Bitte geh ran! Wie müssen reden. Gib mir eine Chance!
Hennis Mailbox erstickte in Ansgars Nachrichten. Sie konnte sie bereits nicht mehr zählen. Eine Sommergrippe kroch in ihr hoch, ihr Hals fühlte sich schon wieder wie ein Reibeisen an. Kein Wunder, ihr Liebeskummer hatte ihr Immunsystem schachmatt gesetzt.
Seitdem Niko gestern gegangen war, lag sie auf ihrer Matratze, starrte die Deckenbalken an und tat sich selbst leid. Das Kopfkissen hatte sie in eine Ecke des Zimmers verbannt, obwohl es gar nicht mehr nach Ansgar roch. Draußen schien es windig zu sein, ein Ästchen schlug rhythmisch gegen das Dachfenster.
Sie versuchte, in einen erlösenden Schlaf zu finden, und döste vor sich hin. Es klopfte lauter gegen das Dachfenster. Nein, ein Ästchen war das nicht. Die Taube, deren Nest sie längst entsorgt hatte, pickte zu ihrem Schreck gegen die Scheibe und wollte zu ihr herein. In ihrem Schnabel trug sie einen kleinen Zettel.
Eine Brieftaube, wie aufregend!
Wie eine Schlafwandlerin öffnete Henni das Fenster, nahm der Taube vorsichtig ihre Botschaft ab und ließ sie in ihre Dachstube flattern. Mit leisem Tapsen huschte sie über die Dielen und sah sich nach Futter um. Als sie kein einziges Körnchen fand, gurrte sie empört, plusterte sich auf und begann, sich zu putzen. Henni faltete inzwischen den Zettel auf, den die Brieftaube ihr zugestellt hatte.
Wir müssen reden, las sie, gib mir eine Chance.
»Nein!« Sie schrie so laut, dass sie augenblicklich davon aufwachte.

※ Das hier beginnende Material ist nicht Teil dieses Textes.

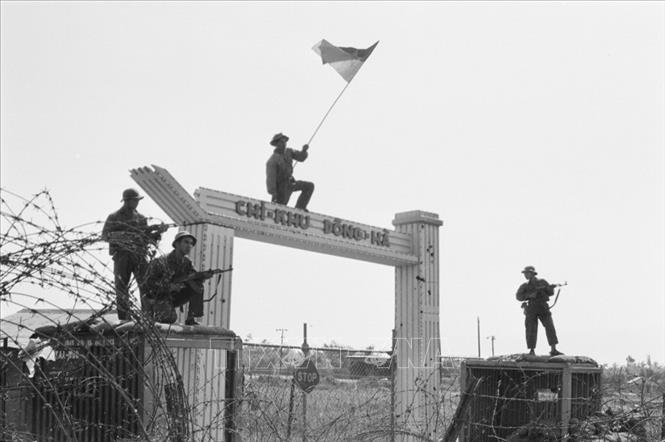26. Chiến dịch Trị Thiên 1972 với 17 cuộc tiến công chiến lược trên chiến trường miền Nam năm 1972 nhằm tiêu diệt bộ phận lớn quân địch, mở rộng vùng giải phóng, làm thay đổi so sánh lực lượng giữa ta và địch, thay đổi cục diện chiến tranh có lợi cho ta. Thắng lợi của chiến dịch tạo ra cục diện mới trên chiến trường ngày càng có lợi cho ta trong cuộc tiến công chiến lược 1972, góp phần buộc Mỹ phải ký kết Hiệp địch Paris chấm dứt chiến tranh, lập lại hoà bình ở Việt Nam. Trong ảnh: Quân Giải phóng đánh chiếm thị trấn Đông Hà, tỉnh Quảng Trị. Ảnh: Xuân Lâm - TTXVN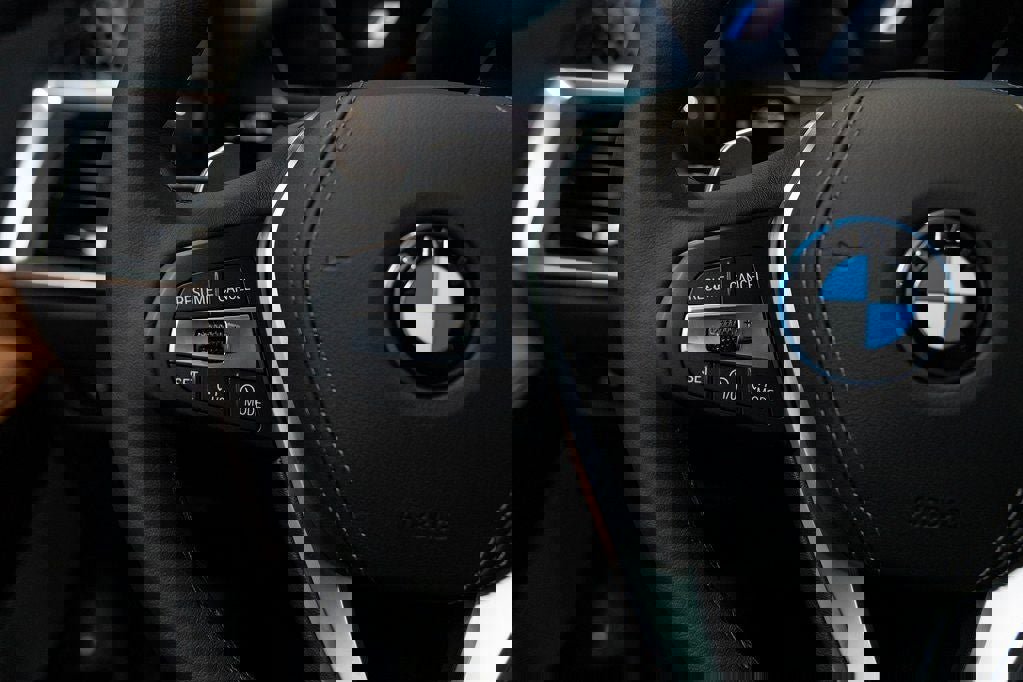 New 2026 BMW X5 xDrive50e w/ Premium Package image 26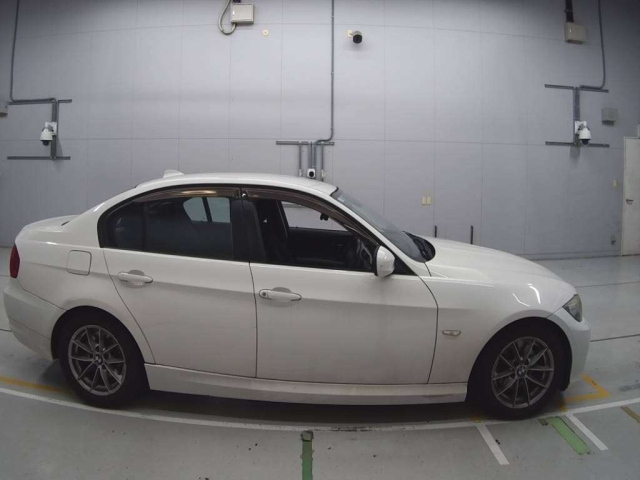 BMW 3 SERIES 2011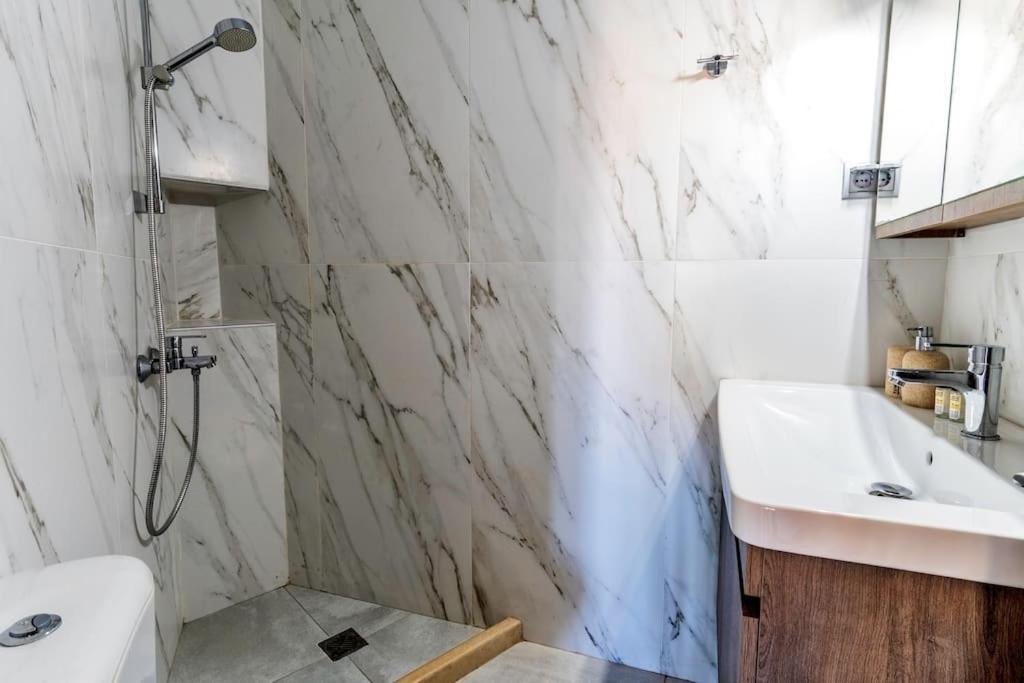 Zefyros Suite , Seafront Retreat ! Pánormosz Kültér fotó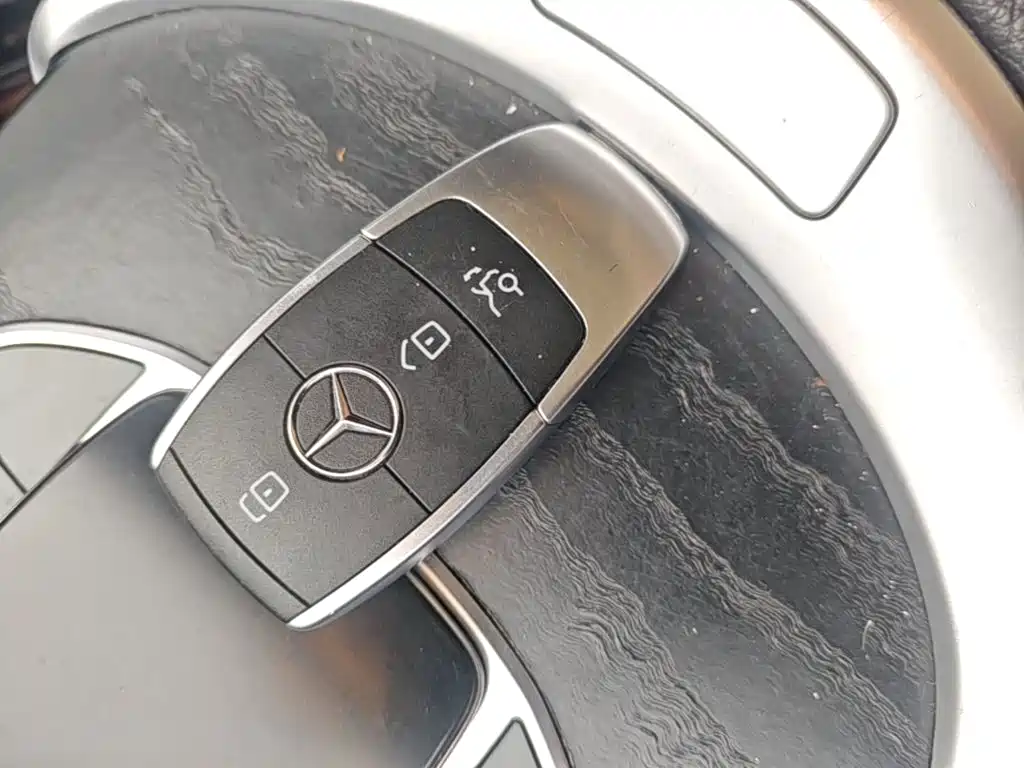 Mercedes-Benz C-Class — миниатюра 9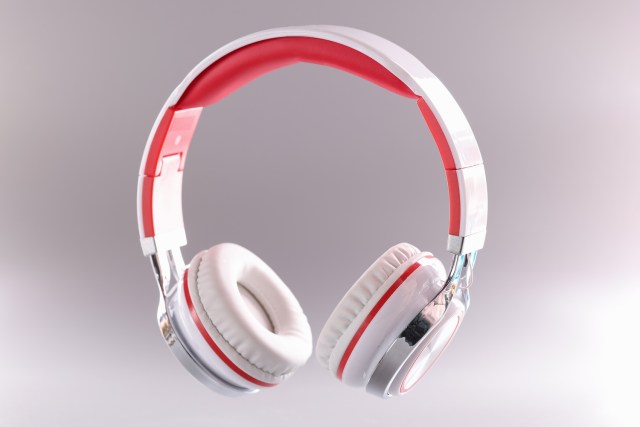 How Noise-Cancelling Wireless Headphones Can Enhance Your Productivity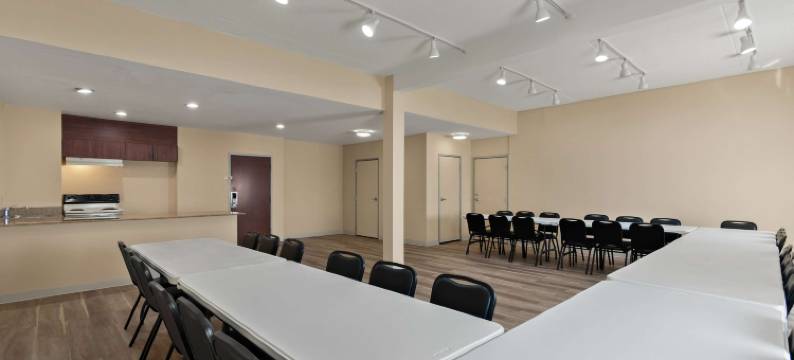 哈里斯堡/赫尔希区温德姆华美达酒店(Ramada by Wyndham Harrisburg/Hershey Area)图片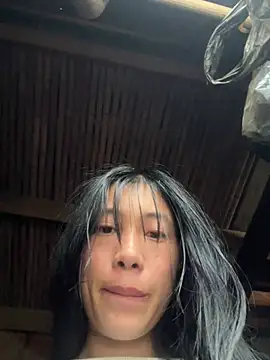 EmLy02 online show from 03-12-26, 02:17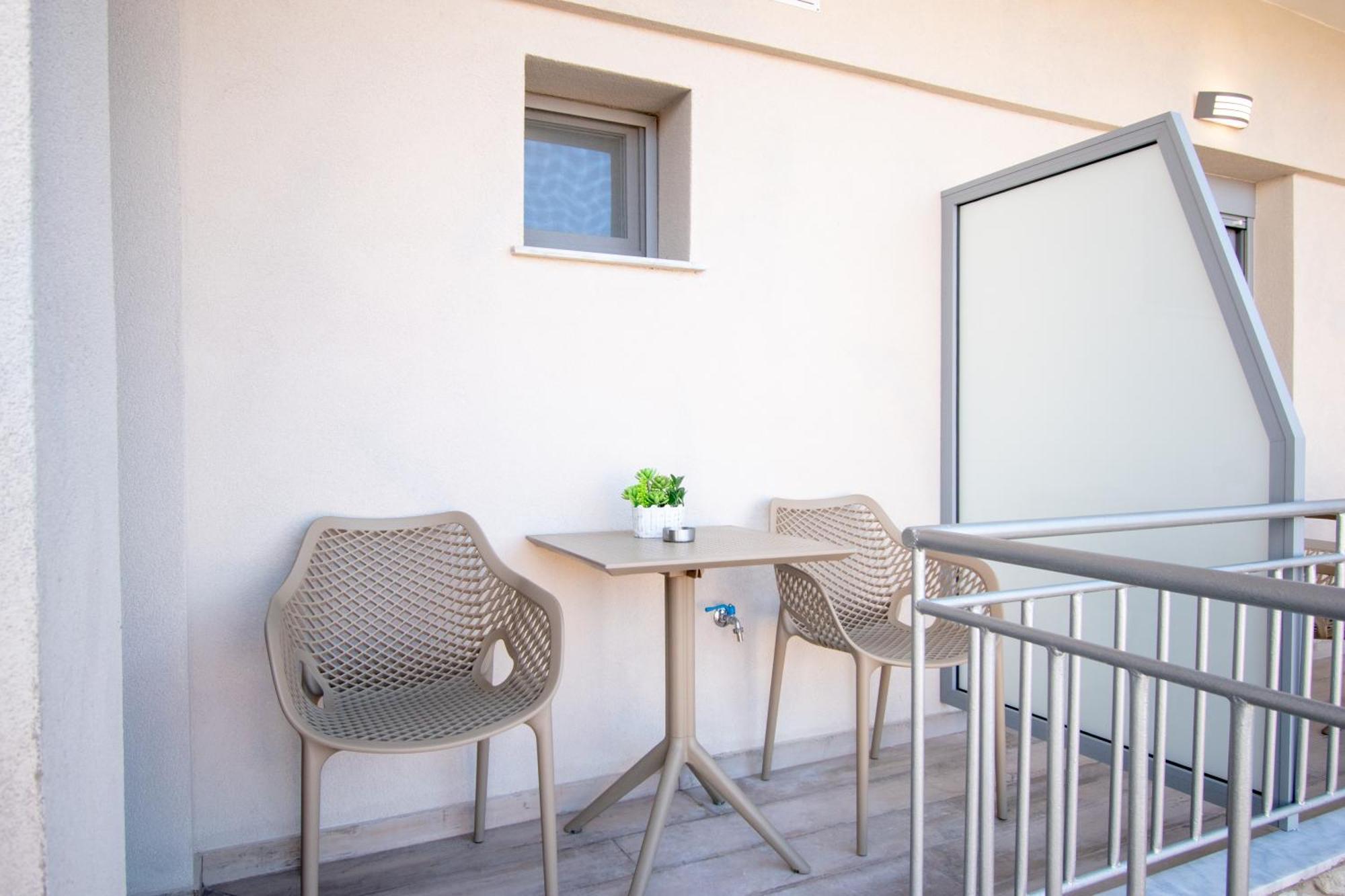 Magdalena Seaside Apartments Неа-Рода Экстерьер фото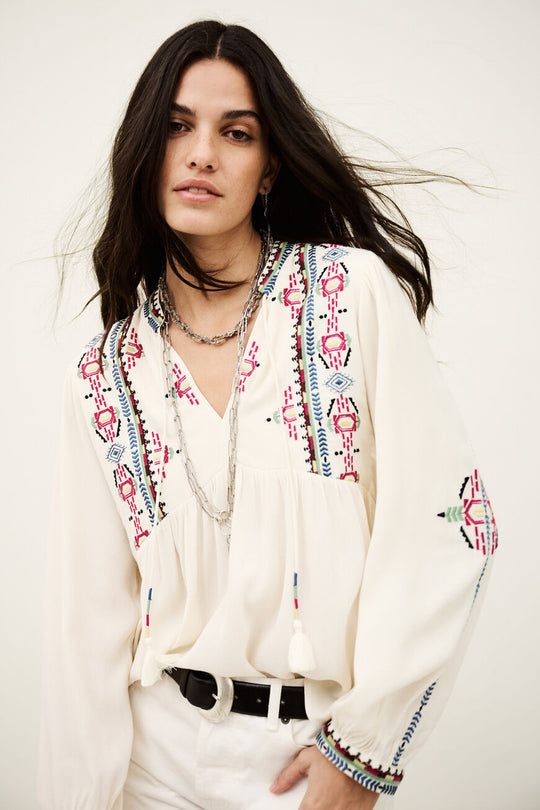 ba&sh Tilt Blouse i ecru – let bluse i viskose med afslappet pasform.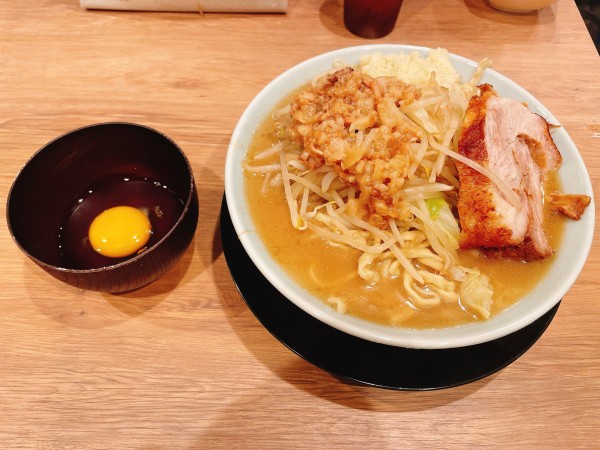「らーめん+生卵」@俺の生きる道 上野店の写真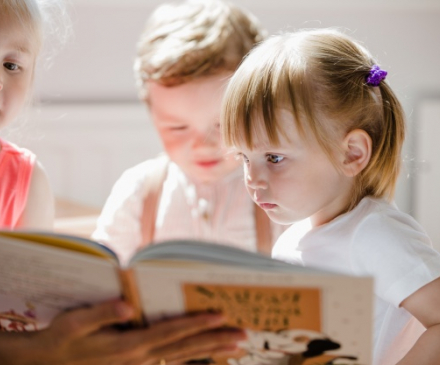 lecture avec jeunes enfants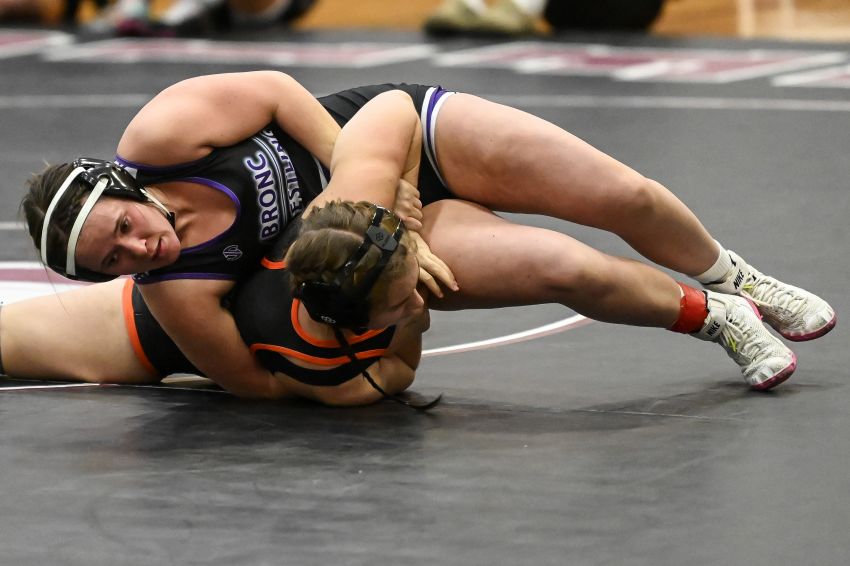 Belle Fourche wrestlers Alexa Swaney and Kyra Vandenberg ushering in new era of success for Bronc wrestling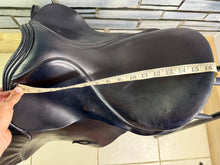 Load image into Gallery viewer, 16 1/2” MW/Wide Jeffries Falcon English Event GP Saddle - Black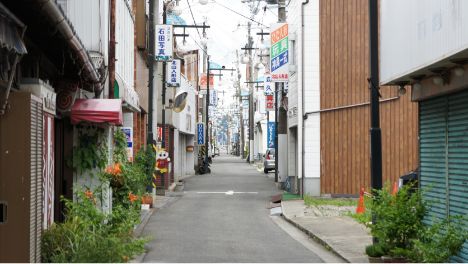 昔ながらの中小商店が並ぶ本町商店街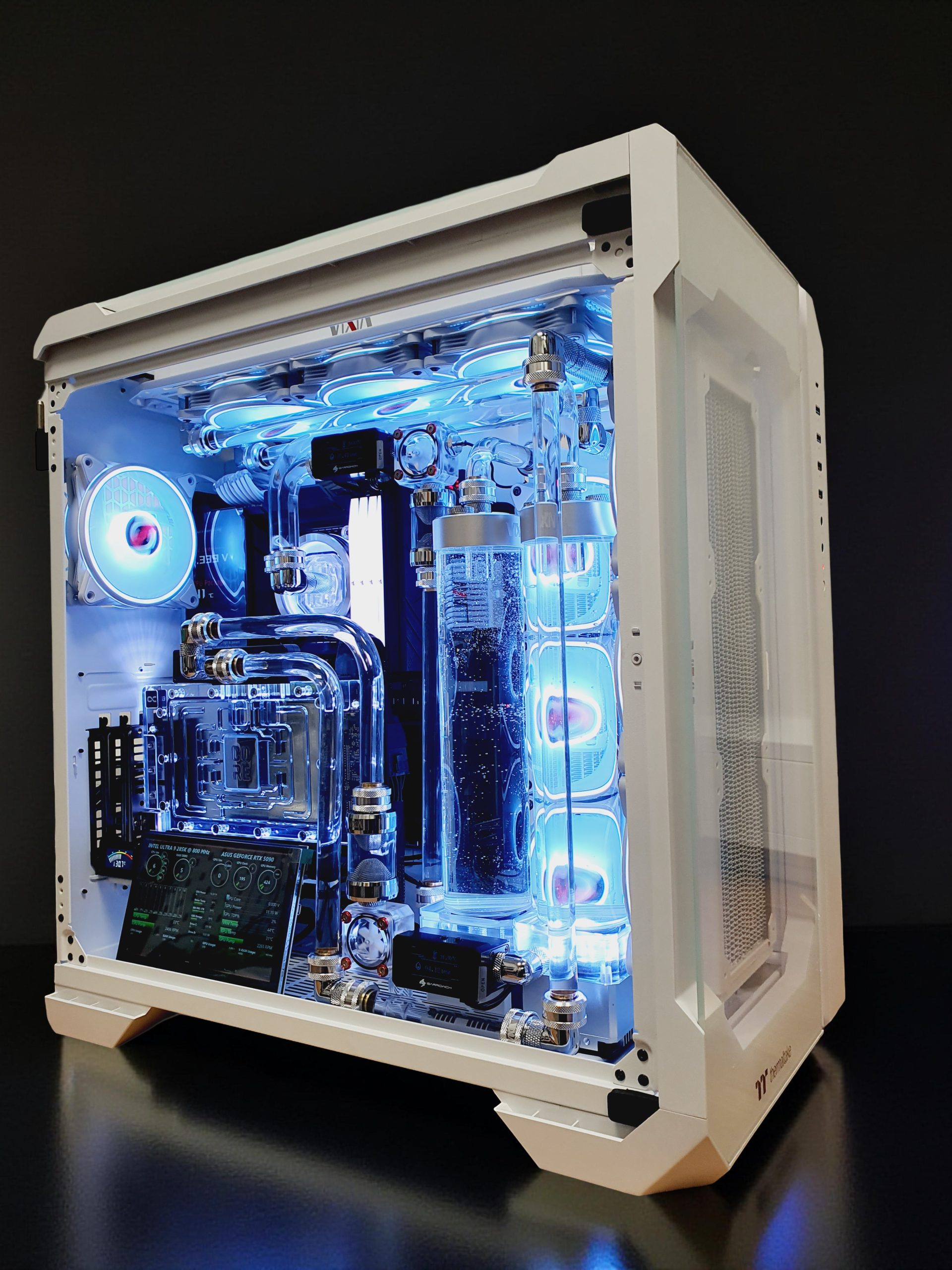 VIXIA VXF-20 dual-loop custom watercooled PC with clear coolant and white showcase chassis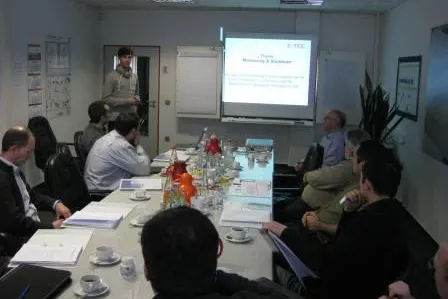 Bild: E-TEC Power Management absolviert USV Training für den technischen Vertrieb
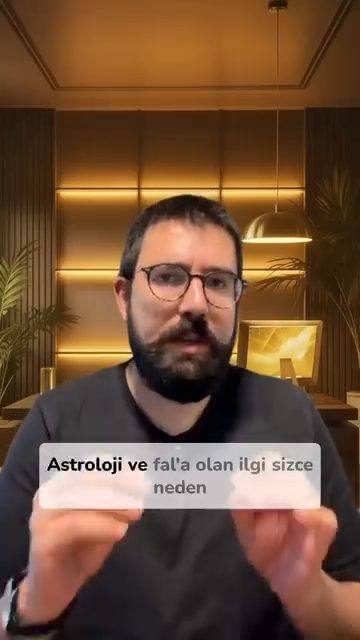 Astroloji, fal ve tarot ilgisinin belirsizlik, kontrol ihtiyacı ve sosyal medya kültürüyle ilişkisini anlatan video.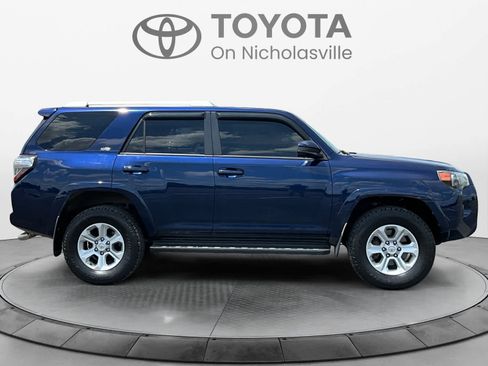 Used 2016 Toyota 4Runner SR5 AWD/4WD image 6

Erschrocken sah sie sich um. Sie lag auf ihrer Matratze, und auf ihrem Dachboden war keine Seele, nicht mal eine Taube. Sie griff zum Handy und wählte Ansgars Nummer.
»Hallo«, sagte sie nur.
»Es gibt für alles eine Erklärung«, begann er. »Ich verlange gar nicht, dass du mir verzeihst. Wenn du mir nur eine Chance gibst, dir alles zu erzählen, bin ich schon froh.«
»Die Zimmer im Golfhotel wolltest du mit mir ausprobieren«, sagte Henni halb traurig, halb vorwurfsvoll. »Was findest du an dieser Doris?«
»Doris ist …« Er legte eine Pause ein und schien tatsächlich darüber nachdenken zu müssen, was sie ihm bedeutete. »Sie ist ein Akt für sich«, sagte er schließlich. »Ich mag dir das alles nicht am Telefon auseinanderlegen. Willst du mich nicht treffen?«
»Ich bin erkältet«, meinte Henni. »Vielmehr glaube ich, dass ich eine Erkältung kriege.«
»Bei dir stecke ich mich gerne an«, beteuerte Ansgar. »Ich denke mir was Schönes für ein Treffen aus, und dann reden wir in aller Ruhe. Ich melde mich wieder, ja?«
»Hm.« Henni grummelte vorsichtig Zustimmung. Sie musste das ja nicht heute entscheiden. Wenn ihr der Himmel auf den Kopf fiel, konnte sie sich immer noch hinter einer schlimmer werdenden Erkältung verstecken.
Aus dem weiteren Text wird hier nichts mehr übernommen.